Underfill and Flux Compatibility from a Curing PerspectiveAuthors: Kevin Tan, Juan Sun, Pong Yew Kong, Casey Ng
Company: Henkel Corporation and Nanyang Technological University
Date Published: 4/18/2012 Conference: Symposium
The flip chip process requires the use of solder flux to remove the oxide layers from the bond pads and allow the solder joint to form. In addition, the flux also acts as a protective layer that prevents subsequent oxidation after the joint formation. Traditionally, water soluble solder paste is used and the flux residues after reflow are washed off before the underfill process. The miniaturization of electronics devices and consequent reduction in gap height, in addition to the lead free regulation have made the cleaning process very challenging in recent years. In addition, many manufacturers are moving towards the no-clean solder paste technology where flux residues are left on the board after the reflow process. In this process, there is direct contact between the flux residue and the underfill. Hence, flux compatibility is becoming an increasing important criterion for materials selection but it is puzzling that many manufacturers still do not see the importance of this aspect. In fact, there is a wide selection of underfill chemistries in the market today.

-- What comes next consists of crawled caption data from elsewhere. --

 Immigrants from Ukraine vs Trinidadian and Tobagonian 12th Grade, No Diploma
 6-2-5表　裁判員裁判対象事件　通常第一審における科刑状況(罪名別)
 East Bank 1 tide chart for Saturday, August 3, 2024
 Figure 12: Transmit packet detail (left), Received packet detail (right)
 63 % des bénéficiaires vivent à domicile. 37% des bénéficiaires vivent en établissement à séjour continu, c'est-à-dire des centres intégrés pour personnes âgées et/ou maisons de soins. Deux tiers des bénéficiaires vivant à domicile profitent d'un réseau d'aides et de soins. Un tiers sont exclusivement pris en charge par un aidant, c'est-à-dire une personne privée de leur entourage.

Flux compatibility can be classified in two ways, namely chemical flux compatibility and physical flux compatibility. Physical flux compatibility refers to the flux residue effect on the flow ability and the substrate wettabilty of the underfill. This area has been well studied by Jinlin Wang from Intel Corporation using quartz dies. On the contrary, the field of chemical flux compatibility, which is compatibility from the curing perspective, is relatively less studied. Previous attempts to study chemical compatibility are largely limited to the anhydride chemistry underfill. In the industry, the wide variety of underfill chemistries used include the anhydride underfill, cyanate ester underfill, cationic underfill, amine underfill, phenol underfill as well as the catalyst assisted amine underfill. Each of the different chemistry has its pros and cons and the selection of a particular candidate really depends on the application itself, for example, the cationic cure underfill has a latent heat catalyst that enables the user to cure the underfill at very rapid rate at a low temperature. A selection of six underfills was studied in relation to three halide free and one halogen free solder paste for chemical compatibility.